**WORK REQUEST:** Copy out exactly the line that contains "Tackle Breast Cancer" and all lines following it to the end of the data.

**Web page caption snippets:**
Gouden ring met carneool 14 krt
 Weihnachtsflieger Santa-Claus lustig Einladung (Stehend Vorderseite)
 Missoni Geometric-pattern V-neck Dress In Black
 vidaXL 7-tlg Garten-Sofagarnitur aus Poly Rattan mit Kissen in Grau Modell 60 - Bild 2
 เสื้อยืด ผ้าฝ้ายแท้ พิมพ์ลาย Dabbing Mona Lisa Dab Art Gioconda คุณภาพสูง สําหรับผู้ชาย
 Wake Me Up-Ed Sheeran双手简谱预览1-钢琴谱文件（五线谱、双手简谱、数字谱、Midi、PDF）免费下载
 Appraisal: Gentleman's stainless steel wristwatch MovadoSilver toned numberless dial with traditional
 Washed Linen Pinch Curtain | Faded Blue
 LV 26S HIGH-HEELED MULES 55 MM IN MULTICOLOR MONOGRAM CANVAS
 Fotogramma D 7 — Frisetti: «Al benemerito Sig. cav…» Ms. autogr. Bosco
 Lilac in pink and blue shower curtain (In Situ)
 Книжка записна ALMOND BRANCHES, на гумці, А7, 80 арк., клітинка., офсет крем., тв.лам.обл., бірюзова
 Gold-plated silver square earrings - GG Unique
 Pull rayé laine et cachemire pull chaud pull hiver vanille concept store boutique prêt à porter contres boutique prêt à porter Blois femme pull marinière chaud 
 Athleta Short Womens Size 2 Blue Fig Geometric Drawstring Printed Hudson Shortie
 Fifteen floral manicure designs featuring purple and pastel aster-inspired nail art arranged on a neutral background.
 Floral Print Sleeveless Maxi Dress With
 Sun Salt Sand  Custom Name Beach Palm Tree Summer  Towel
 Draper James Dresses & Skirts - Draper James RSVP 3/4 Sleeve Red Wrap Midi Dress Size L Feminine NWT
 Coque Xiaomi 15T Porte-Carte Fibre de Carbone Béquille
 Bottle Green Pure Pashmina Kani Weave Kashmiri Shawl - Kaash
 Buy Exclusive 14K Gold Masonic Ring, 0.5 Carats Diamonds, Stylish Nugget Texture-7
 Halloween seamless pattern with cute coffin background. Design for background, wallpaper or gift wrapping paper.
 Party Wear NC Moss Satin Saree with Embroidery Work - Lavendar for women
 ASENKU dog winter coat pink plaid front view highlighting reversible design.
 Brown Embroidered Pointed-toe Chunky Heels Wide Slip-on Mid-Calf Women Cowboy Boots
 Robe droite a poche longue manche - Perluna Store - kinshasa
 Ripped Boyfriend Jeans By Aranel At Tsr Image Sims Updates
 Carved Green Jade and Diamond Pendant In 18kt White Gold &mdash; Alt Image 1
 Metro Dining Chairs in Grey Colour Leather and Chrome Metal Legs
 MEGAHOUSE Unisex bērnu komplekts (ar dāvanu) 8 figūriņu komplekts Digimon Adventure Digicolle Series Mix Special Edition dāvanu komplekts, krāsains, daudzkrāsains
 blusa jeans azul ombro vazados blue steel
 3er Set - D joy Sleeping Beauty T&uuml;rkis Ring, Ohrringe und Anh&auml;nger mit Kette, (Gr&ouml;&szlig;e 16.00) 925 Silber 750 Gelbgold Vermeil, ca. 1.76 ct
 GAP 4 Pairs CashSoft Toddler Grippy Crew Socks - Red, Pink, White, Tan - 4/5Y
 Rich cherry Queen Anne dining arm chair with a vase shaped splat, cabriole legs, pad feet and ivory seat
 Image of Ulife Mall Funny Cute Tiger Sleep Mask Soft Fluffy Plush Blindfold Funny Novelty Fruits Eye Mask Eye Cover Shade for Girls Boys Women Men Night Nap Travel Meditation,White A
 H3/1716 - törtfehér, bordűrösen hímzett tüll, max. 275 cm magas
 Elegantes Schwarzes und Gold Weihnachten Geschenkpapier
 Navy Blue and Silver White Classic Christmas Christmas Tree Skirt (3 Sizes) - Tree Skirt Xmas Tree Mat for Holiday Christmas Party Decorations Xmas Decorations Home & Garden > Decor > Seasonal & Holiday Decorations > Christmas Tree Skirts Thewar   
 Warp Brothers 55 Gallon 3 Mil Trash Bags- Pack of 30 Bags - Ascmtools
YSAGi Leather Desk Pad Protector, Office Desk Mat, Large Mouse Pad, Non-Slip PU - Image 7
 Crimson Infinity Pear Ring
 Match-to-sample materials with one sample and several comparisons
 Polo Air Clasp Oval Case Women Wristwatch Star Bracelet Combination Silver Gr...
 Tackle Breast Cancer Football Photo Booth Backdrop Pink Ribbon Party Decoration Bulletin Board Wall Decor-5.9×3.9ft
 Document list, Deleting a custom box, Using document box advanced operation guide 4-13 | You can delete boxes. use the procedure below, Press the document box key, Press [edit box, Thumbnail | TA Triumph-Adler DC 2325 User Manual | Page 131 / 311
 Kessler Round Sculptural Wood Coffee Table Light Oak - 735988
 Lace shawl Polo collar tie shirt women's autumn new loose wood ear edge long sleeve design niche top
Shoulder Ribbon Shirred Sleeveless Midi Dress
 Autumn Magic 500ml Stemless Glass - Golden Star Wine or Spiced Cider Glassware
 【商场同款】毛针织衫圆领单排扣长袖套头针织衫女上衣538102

**ANSWER TO THIS PROBLEM:**
 Tackle Breast Cancer Football Photo Booth Backdrop Pink Ribbon Party Decoration Bulletin Board Wall Decor-5.9×3.9ft
 Document list, Deleting a custom box, Using document box advanced operation guide 4-13 | You can delete boxes. use the procedure below, Press the document box key, Press [edit box, Thumbnail | TA Triumph-Adler DC 2325 User Manual | Page 131 / 311
 Kessler Round Sculptural Wood Coffee Table Light Oak - 735988
 Lace shawl Polo collar tie shirt women's autumn new loose wood ear edge long sleeve design niche top
Shoulder Ribbon Shirred Sleeveless Midi Dress
 Autumn Magic 500ml Stemless Glass - Golden Star Wine or Spiced Cider Glassware
 【商场同款】毛针织衫圆领单排扣长袖套头针织衫女上衣538102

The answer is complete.